Essa "religiosização" cria fanáticos, que pouco se importam com revelações que não lhes agradam, abordagens que contrariam suas crenças, questionamentos que desqualificam seus ídolos. Esses fanáticos não querem saber de qualidade de vida nem de justiça social e não raro se convertem em violentos reacionários a humilhar pessoas nas mídias sociais.
O moralismo, a tecnocracia, a hierarquia rígida demais, a imposição de sofrimentos para quem "está embaixo", a fama atingida, tudo isso feito sem o controle dos questionamentos, sem que as pessoas pensem se isso vale ou não a pena, tornam-se perigosos nesse contexto.
E mais perigoso ainda é quando pessoas que questionam isso são ameaçadas de uma forma ou de outra, sendo humilhadas sem ter como reagir com eficiência a isso, sendo forçadas a aceitar como valiosa uma arbitrariedade ou algum fenômeno, ideia ou personalidade medíocre só porque é "sucesso" ou "está aí".
Na Internet, na grande imprensa, na política, a "religiosização" elegeu seus representantes, que se tornam porta-vozes de um reacionarismo que, antes, ocorria escondido em fóruns digitais ou por debaixo das senhas dos portais sociais eletrônicos.
O rebanho "bovino" que se submete quando surge qualquer pretensa novidade decidida "do alto", como se escritórios fossem a materialização dos gabinetes divinos, reage como búfalos ferozes diante de qualquer questionamento. Isso é nocivo, porque a partir daí poderão surgir ditadores, tiranos, déspotas sangrentos que podem nascer num sarcástico "Huahuahuahuahuah" da Internet.
Questionar as coisas não deve ser vista como pecado, como lamento de frustrados, como queixumes de "viúvas", como saudosismo doentio ou como "coisa de maluco". Defini-las assim é o pior veneno da "religiosização" das coisas, do endeusamento de tudo que "está aí" e é "sucesso", embora muito provavelmente seja mais tolerado do que apoiado pela maioria das pessoas.

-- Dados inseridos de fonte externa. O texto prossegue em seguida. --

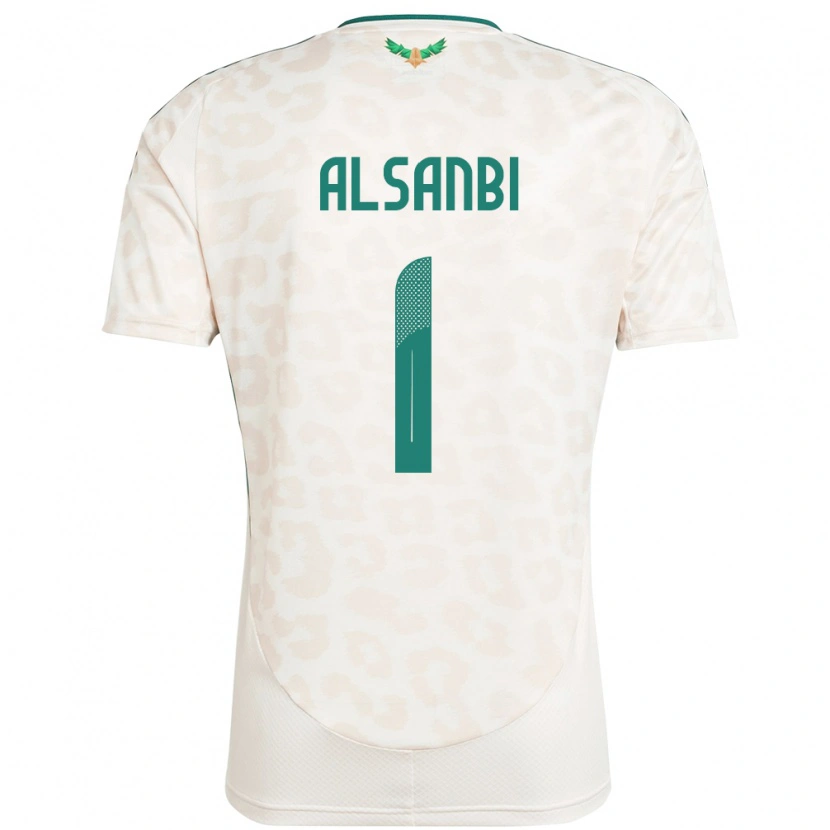 Danxen Homem Camisola Arábia Saudita Abdulrahman Alsanbi #1 Branco Alternativa 24-26 Camisa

O fanatismo "brincalhão" de hoje na Internet, junto ao reacionarismo "racional" dos piores comentaristas da mídia, ou do despotismo "democrático e legalista" dos piores políticos que querem extinguir as conquistas sociais arduamente alcançadas, pode significar um prejuízo sem precedentes para o Brasil, um retrocesso que cabe ser revertido hoje, porque mais tarde será mais difícil.